Usage

To use tcdo-pg-tools in a project:

import tcdo_pg_tools

See Commandline Interface section for commandline options.

Examples

Computing AA coverage across multi-enzyme digests

To compute AA seq coverage across different combinations of enzymes, use the coverage-calculator feature. For example:

tcdo_pg_tools coverage-calculator --fragpipe_dir /Volumes/kentsis/proteomics/fragpipe_results/APS010.1_A673_proteogenomics/spike_in --enzymes argc,aspn,gluc,in-house_chymotrypsin,lysc,lysn,proalanase,trypsin --output_tsv protein_coverage.tsv

The fragpipe output directory must contain subdirectories with the result of each enzyme, and these directories must be labeled starting with the enzyme name (e.g., trypsin_diaPASEF)

Merging multiple proteomegenerator fasta

To merge across multiple proteomegenerator fasta file by merging proteins with the same amino acid sequence, use the merge-fasta feature:

tcdo_pg_tools merge-fasta -i input.csv

The input.csv must have three columns: fasta, sample, condition. fasta is the path to the protein fasta file, sample is the sample name, and condition is the condition for a given sample (e.g., tumor, normal).

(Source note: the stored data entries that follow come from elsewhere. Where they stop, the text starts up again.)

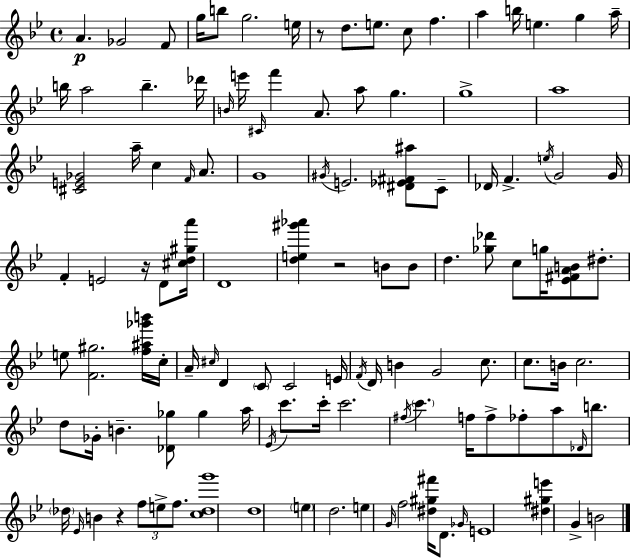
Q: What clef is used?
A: treble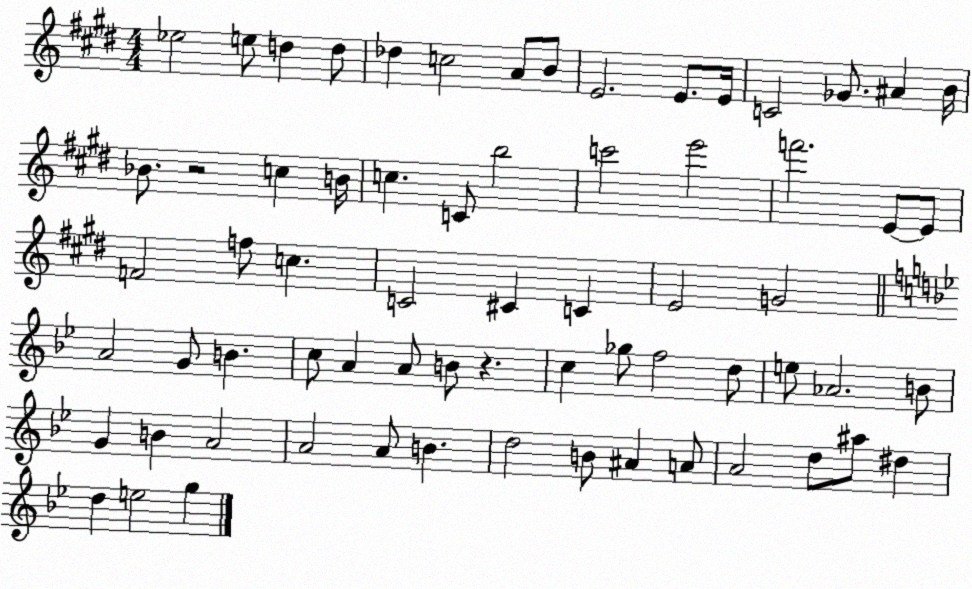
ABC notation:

X:1
T:Untitled
M:4/4
L:1/4
K:E
_e2 e/2 d d/2 _d c2 A/2 B/2 E2 E/2 E/4 C2 _G/2 ^A B/4 _B/2 z2 c B/4 c C/2 b2 c'2 e'2 f'2 E/2 E/2 F2 f/2 c C2 ^C C E2 G2 A2 G/2 B c/2 A A/2 B/2 z c _g/2 f2 d/2 e/2 _A2 B/2 G B A2 A2 A/2 B d2 B/2 ^A A/2 A2 d/2 ^a/2 ^d d e2 g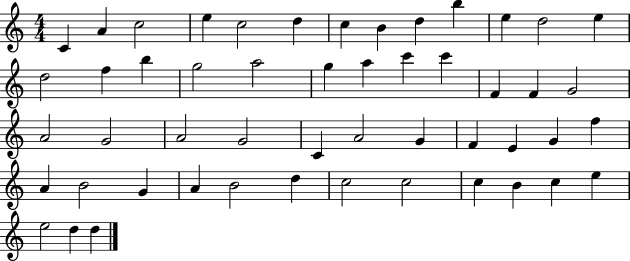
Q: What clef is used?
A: treble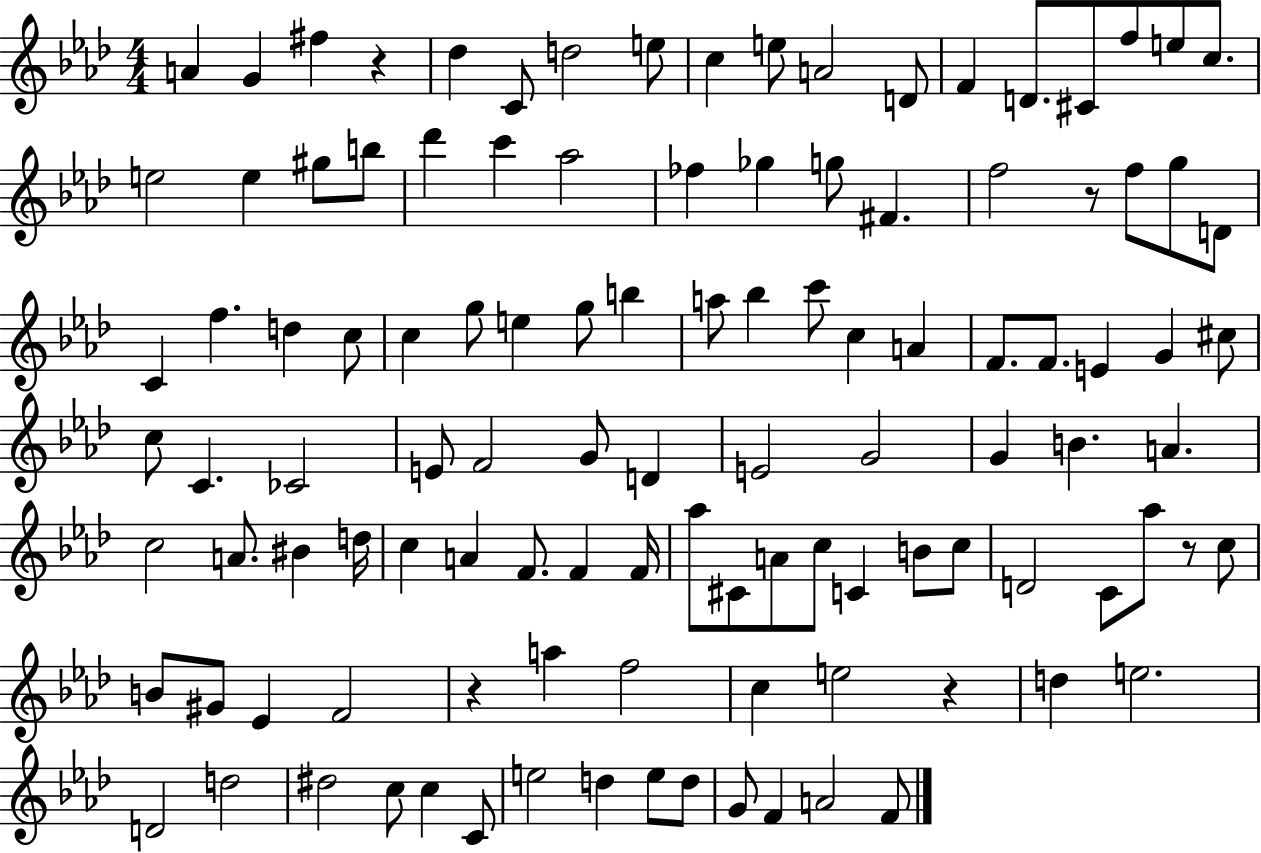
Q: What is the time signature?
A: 4/4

You can use the –upset flag to output an upset plot likeso:

tcdo_pg_tools merge-fasta -i input.csv --upset

The upset plot will be plot across the condition column.

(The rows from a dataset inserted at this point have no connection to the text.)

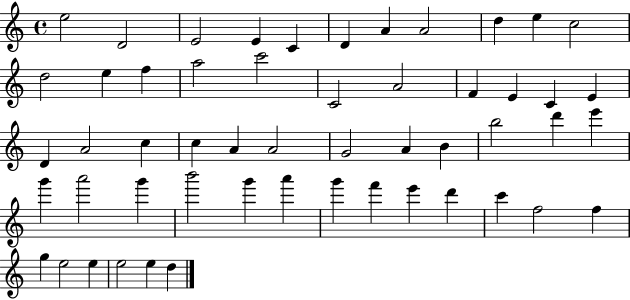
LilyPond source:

{
  \clef treble
  \time 4/4
  \defaultTimeSignature
  \key c \major
  e''2 d'2 | e'2 e'4 c'4 | d'4 a'4 a'2 | d''4 e''4 c''2 | \break d''2 e''4 f''4 | a''2 c'''2 | c'2 a'2 | f'4 e'4 c'4 e'4 | \break d'4 a'2 c''4 | c''4 a'4 a'2 | g'2 a'4 b'4 | b''2 d'''4 e'''4 | \break g'''4 a'''2 g'''4 | b'''2 g'''4 a'''4 | g'''4 f'''4 e'''4 d'''4 | c'''4 f''2 f''4 | \break g''4 e''2 e''4 | e''2 e''4 d''4 | \bar "|."
}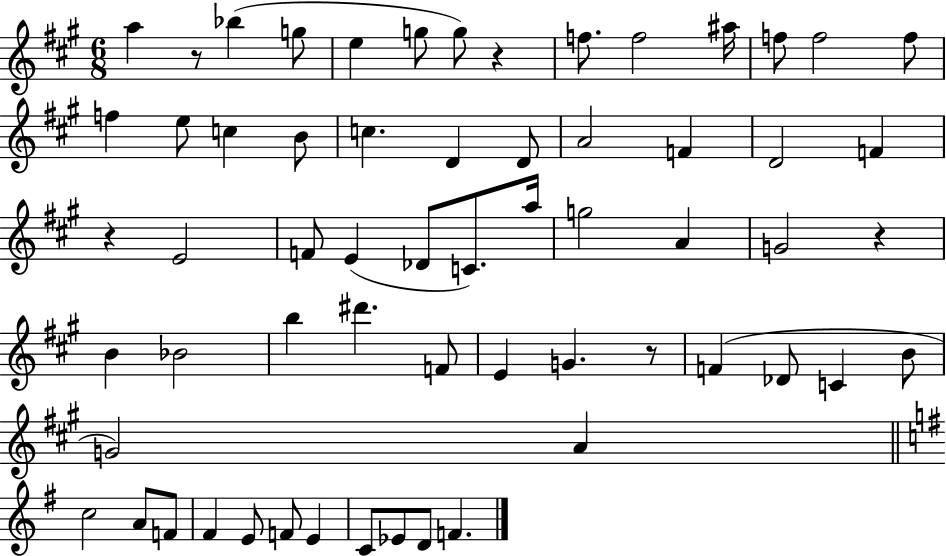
A5/q R/e Bb5/q G5/e E5/q G5/e G5/e R/q F5/e. F5/h A#5/s F5/e F5/h F5/e F5/q E5/e C5/q B4/e C5/q. D4/q D4/e A4/h F4/q D4/h F4/q R/q E4/h F4/e E4/q Db4/e C4/e. A5/s G5/h A4/q G4/h R/q B4/q Bb4/h B5/q D#6/q. F4/e E4/q G4/q. R/e F4/q Db4/e C4/q B4/e G4/h A4/q C5/h A4/e F4/e F#4/q E4/e F4/e E4/q C4/e Eb4/e D4/e F4/q.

Merging proteomegenerator results across multiple samples

To merge multiple proteomegenerator results, use merge-pg-results, which behaves in the same way as merge-fasta, except it filters on the protein.tsv output of philosopher to identify unique proteins. So you can run:

tcdo_pg_tools merge-pg-results -i input.csv --upset

Where here the input.csv must have four columns: fasta, protein_table, sample, condition. fasta is the path to the protein fasta file, protein_table is the protein.tsv file that is output by Philosopher (in the Fragpipe output directory), sample is the sample name, and condition is the condition for a given sample (e.g., tumor, normal).